First, let us verify the condition for the function.
That is, if $f\left( -x \right)=f\left( x \right)$ is satisfied.
Now,
$\Rightarrow f\left( x \right)=\sec x.\tan x$
We know that $\sec x=\dfrac{1}{\cos x}$ and $\tan x=\dfrac{\sin x}{\cos x}.$
Also, we have learnt that $\cos x$ is even and $\sin x$ is odd.
That is, $\cos \left( -x \right)=\cos x$ and $\sin \left( -x \right)=-\sin x.$
Now we take,
$\Rightarrow f\left( -x \right)=\sec \left( -x \right)\tan \left( -x \right)$
We are using the above written facts,
$\Rightarrow f\left( -x \right)=\dfrac{1}{\cos \left( -x \right)}\dfrac{\sin \left( -x \right)}{\cos \left( -x \right)}.$
Using the above identities will give us,
$\Rightarrow f\left( -x \right)=\dfrac{1}{\cos x}\dfrac{-\sin x}{\cos x}.$
We are allowed to write this as,
$\Rightarrow f\left( -x \right)=-\dfrac{1}{\cos x}\dfrac{\sin x}{\cos x}.$
That is,
$\Rightarrow f\left( -x \right)=-\sec x.\tan x.$
We know that $-f\left( x \right)=-\sec x\tan x.$
We see that $-f\left( x \right)=f\left( -x \right).$
That is, the function satisfies the condition for an even function.
So, we do not have to check the condition for an odd function.
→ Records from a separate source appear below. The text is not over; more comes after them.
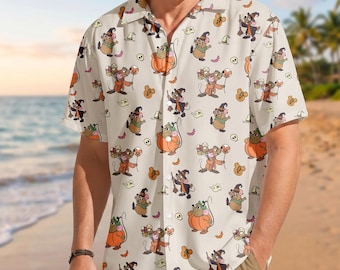 May include: A short-sleeved button-down shirt in a light cream color featuring an all-over print of cartoon mice dressed in Halloween costumes, including mice in orange pumpkins, mice wearing witch hats, and small ghost and skull icons.
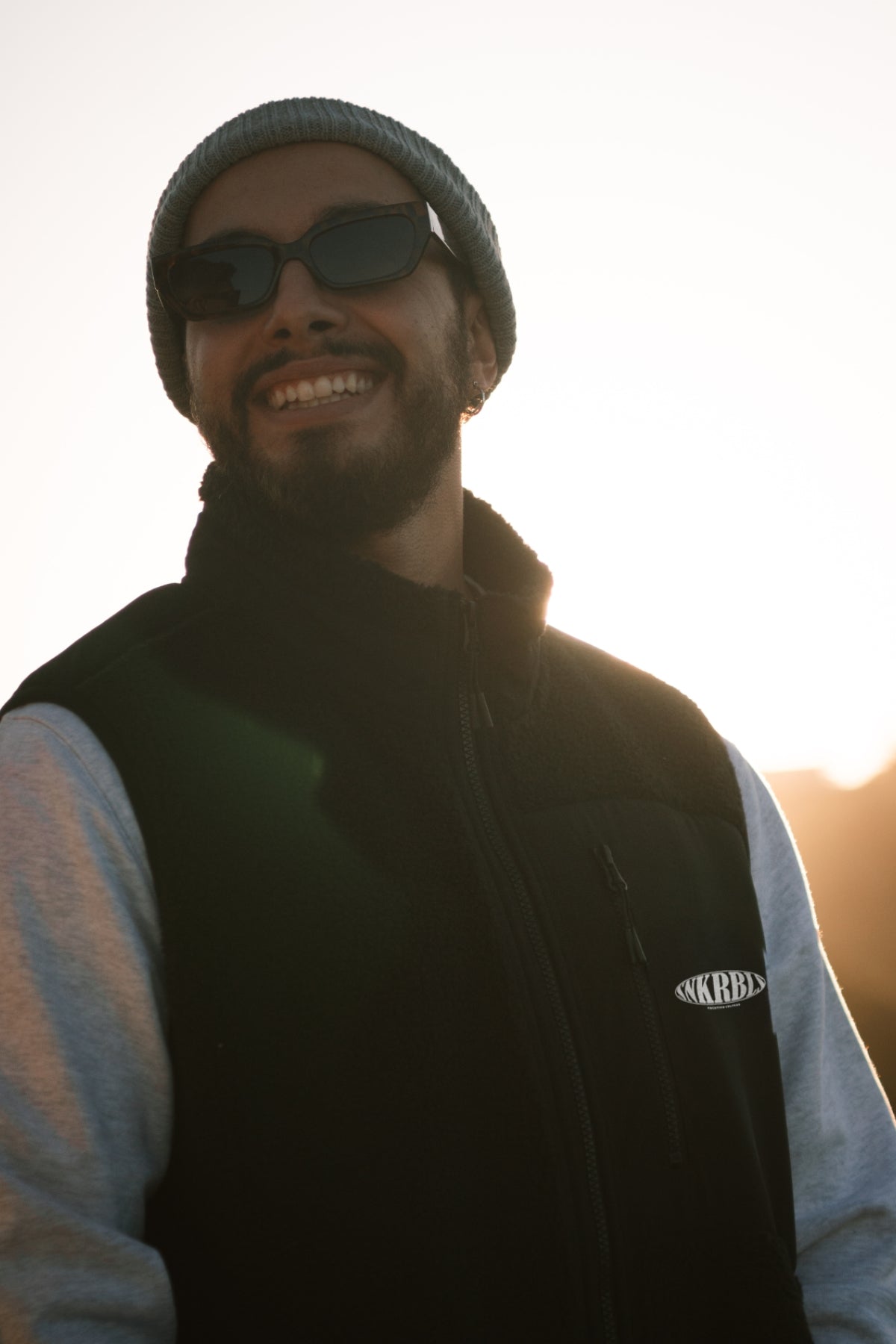Mann lacht in Kamera bei Sonnenuntergang und trägt schwarze outdoor Weste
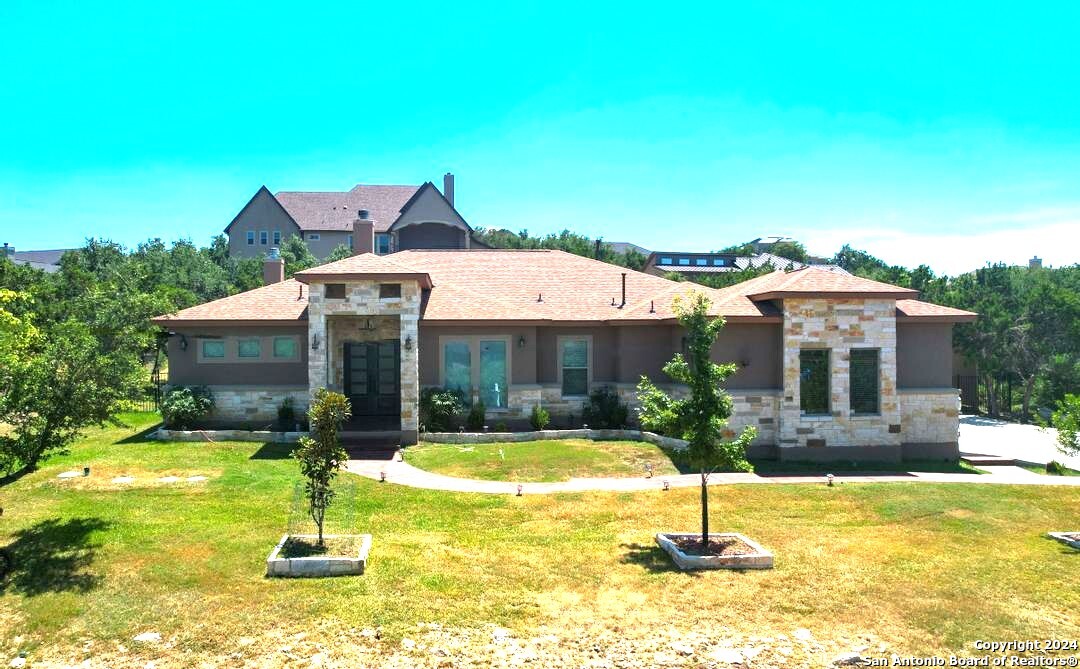 a front view of a house with swimming pool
Hence, the given function $\sec x\tan x$ is an even function.

Note:
Since $\sec x=\dfrac{1}{\cos x},$ $\tan x=\dfrac{\sin x}{\cos x},$ $\cos \left( -x \right)=\cos x$ and $\sin \left( -x \right)=-\sin x,$ we are led to an important fact that $\sec \left( -x \right)=\dfrac{1}{\cos \left( -x \right)}=\dfrac{1}{\cos x}=\sec x.$ Also, $\tan \left( -x \right)=\dfrac{\sin \left( -x \right)}{\cos \left( -x \right)}=\dfrac{-\sin x}{\cos x}=-\tan x.$
That is, from above, we can see that $\sec x$ is an even function and $\tan x$ is an odd function.
Therefore, it is clear that the given function $f\left( x \right)=\sec x\tan x$ is a product of an even and an odd function.
Hence, it is proved that the given function, being a product of an even and odd functions, is an even function.